(Short web captions)
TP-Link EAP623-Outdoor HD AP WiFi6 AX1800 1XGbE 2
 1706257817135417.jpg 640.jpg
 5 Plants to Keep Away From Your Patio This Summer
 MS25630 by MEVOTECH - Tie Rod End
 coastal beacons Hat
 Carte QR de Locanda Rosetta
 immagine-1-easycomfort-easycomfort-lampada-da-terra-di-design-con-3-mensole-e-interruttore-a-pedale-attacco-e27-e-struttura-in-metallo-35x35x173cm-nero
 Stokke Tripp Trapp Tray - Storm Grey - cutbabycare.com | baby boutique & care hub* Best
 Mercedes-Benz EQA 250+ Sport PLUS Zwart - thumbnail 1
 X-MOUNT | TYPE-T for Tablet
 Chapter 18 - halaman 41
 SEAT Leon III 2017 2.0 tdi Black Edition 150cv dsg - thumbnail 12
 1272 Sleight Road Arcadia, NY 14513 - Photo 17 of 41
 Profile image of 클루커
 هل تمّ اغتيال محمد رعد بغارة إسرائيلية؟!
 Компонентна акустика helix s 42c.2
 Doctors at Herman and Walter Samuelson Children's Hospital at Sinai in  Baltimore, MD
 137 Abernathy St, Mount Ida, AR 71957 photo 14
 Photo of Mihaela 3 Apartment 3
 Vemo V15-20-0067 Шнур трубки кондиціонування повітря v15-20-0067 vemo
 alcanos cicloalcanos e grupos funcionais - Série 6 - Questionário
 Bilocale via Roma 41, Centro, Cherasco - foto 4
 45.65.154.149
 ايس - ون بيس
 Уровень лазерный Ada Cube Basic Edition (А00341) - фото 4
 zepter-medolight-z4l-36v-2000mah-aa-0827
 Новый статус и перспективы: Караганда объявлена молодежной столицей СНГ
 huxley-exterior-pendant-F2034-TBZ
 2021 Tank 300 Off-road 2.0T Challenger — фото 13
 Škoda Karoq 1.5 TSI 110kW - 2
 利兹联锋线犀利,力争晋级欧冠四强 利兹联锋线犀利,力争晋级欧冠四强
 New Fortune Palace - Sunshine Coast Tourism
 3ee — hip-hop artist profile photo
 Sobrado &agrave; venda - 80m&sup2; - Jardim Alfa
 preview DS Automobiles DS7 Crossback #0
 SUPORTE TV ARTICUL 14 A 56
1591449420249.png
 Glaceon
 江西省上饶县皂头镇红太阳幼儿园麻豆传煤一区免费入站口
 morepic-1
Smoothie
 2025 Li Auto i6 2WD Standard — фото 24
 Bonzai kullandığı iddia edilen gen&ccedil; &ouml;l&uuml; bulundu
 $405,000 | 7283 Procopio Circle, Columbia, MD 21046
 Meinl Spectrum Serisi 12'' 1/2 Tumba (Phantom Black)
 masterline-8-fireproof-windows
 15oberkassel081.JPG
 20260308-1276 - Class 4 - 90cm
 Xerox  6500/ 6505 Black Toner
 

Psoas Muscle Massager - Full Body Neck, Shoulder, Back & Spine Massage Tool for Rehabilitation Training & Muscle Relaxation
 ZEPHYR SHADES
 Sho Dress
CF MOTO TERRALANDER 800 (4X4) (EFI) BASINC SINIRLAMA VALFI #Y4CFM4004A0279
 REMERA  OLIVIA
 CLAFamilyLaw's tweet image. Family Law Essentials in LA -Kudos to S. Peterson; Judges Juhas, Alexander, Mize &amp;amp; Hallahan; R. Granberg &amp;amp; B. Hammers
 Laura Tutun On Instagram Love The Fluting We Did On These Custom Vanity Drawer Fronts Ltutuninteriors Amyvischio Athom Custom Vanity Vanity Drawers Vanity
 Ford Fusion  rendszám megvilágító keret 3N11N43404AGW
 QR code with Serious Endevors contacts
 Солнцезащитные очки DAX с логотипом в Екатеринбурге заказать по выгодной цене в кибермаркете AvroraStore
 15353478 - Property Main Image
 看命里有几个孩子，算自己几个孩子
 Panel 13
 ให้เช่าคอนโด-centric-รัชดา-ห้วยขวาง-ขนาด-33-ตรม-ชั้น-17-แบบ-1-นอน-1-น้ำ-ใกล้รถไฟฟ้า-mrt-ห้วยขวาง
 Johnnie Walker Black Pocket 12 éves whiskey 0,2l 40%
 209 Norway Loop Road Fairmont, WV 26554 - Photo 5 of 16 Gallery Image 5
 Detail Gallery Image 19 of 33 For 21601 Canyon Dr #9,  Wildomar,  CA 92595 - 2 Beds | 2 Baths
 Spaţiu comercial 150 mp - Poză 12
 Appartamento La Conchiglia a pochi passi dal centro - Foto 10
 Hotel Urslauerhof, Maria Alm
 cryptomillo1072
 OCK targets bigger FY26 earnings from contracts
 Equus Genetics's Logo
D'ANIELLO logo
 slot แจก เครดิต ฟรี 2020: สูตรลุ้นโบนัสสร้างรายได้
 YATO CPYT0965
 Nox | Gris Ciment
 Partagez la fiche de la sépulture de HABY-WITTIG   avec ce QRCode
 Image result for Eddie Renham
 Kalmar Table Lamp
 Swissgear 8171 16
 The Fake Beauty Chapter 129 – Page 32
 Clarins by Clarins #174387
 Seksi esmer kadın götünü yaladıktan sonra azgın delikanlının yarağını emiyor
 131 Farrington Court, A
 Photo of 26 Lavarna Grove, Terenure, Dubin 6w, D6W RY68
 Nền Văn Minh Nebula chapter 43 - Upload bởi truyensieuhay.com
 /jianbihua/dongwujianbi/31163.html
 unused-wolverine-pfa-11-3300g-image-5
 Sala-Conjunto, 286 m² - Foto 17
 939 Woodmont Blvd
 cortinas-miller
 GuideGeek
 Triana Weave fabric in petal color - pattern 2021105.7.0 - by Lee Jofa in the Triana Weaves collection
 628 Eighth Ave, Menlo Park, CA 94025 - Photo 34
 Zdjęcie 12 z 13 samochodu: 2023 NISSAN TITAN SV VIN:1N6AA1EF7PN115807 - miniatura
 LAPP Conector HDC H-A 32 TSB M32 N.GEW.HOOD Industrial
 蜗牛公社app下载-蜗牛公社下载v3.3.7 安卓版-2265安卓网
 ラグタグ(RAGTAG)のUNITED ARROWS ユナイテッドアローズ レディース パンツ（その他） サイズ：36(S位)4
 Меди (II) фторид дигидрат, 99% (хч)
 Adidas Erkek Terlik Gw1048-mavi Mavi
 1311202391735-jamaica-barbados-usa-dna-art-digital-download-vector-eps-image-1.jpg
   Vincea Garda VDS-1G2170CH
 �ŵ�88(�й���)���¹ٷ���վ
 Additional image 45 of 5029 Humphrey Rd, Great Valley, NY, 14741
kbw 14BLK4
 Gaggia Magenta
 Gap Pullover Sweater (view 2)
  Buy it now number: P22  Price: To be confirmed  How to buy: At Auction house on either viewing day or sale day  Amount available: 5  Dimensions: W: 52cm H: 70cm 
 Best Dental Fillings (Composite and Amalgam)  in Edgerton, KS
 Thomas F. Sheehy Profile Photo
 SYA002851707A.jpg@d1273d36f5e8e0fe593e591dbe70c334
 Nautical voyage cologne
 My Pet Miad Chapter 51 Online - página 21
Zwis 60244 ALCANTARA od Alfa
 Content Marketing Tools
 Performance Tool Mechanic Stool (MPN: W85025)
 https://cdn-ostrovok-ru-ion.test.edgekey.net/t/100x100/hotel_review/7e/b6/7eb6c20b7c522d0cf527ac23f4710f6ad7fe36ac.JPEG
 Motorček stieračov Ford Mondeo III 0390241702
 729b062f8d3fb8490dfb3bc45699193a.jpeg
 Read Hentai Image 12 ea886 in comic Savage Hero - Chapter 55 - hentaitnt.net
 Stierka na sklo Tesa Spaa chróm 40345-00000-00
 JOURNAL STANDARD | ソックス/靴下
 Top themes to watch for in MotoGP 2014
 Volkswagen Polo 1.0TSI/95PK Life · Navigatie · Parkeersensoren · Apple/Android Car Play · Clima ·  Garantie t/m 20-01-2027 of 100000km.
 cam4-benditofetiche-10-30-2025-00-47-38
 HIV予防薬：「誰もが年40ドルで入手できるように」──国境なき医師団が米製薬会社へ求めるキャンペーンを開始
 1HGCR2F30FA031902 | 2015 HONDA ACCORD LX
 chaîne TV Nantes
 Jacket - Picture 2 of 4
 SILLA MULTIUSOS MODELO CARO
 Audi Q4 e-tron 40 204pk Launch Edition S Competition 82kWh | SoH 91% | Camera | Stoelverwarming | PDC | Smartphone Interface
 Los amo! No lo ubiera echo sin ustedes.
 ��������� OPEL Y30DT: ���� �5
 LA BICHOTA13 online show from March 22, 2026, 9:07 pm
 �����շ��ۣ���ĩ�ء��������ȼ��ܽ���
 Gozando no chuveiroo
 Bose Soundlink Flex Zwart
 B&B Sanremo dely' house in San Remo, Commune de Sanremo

WHAT THE TASK REQUIRES: Given the records above, restate word for word only the lines starting at the one with "Carte QR de Locanda Rosetta" and ending at the one with "利兹联锋线犀利,力争晋级欧冠四强 利兹联锋线犀利,力争晋级欧冠四强".

TASK SOLUTION:
 Carte QR de Locanda Rosetta
 immagine-1-easycomfort-easycomfort-lampada-da-terra-di-design-con-3-mensole-e-interruttore-a-pedale-attacco-e27-e-struttura-in-metallo-35x35x173cm-nero
 Stokke Tripp Trapp Tray - Storm Grey - cutbabycare.com | baby boutique & care hub* Best
 Mercedes-Benz EQA 250+ Sport PLUS Zwart - thumbnail 1
 X-MOUNT | TYPE-T for Tablet
 Chapter 18 - halaman 41
 SEAT Leon III 2017 2.0 tdi Black Edition 150cv dsg - thumbnail 12
 1272 Sleight Road Arcadia, NY 14513 - Photo 17 of 41
 Profile image of 클루커
 هل تمّ اغتيال محمد رعد بغارة إسرائيلية؟!
 Компонентна акустика helix s 42c.2
 Doctors at Herman and Walter Samuelson Children's Hospital at Sinai in  Baltimore, MD
 137 Abernathy St, Mount Ida, AR 71957 photo 14
 Photo of Mihaela 3 Apartment 3
 Vemo V15-20-0067 Шнур трубки кондиціонування повітря v15-20-0067 vemo
 alcanos cicloalcanos e grupos funcionais - Série 6 - Questionário
 Bilocale via Roma 41, Centro, Cherasco - foto 4
 45.65.154.149
 ايس - ون بيس
 Уровень лазерный Ada Cube Basic Edition (А00341) - фото 4
 zepter-medolight-z4l-36v-2000mah-aa-0827
 Новый статус и перспективы: Караганда объявлена молодежной столицей СНГ
 huxley-exterior-pendant-F2034-TBZ
 2021 Tank 300 Off-road 2.0T Challenger — фото 13
 Škoda Karoq 1.5 TSI 110kW - 2
 利兹联锋线犀利,力争晋级欧冠四强 利兹联锋线犀利,力争晋级欧冠四强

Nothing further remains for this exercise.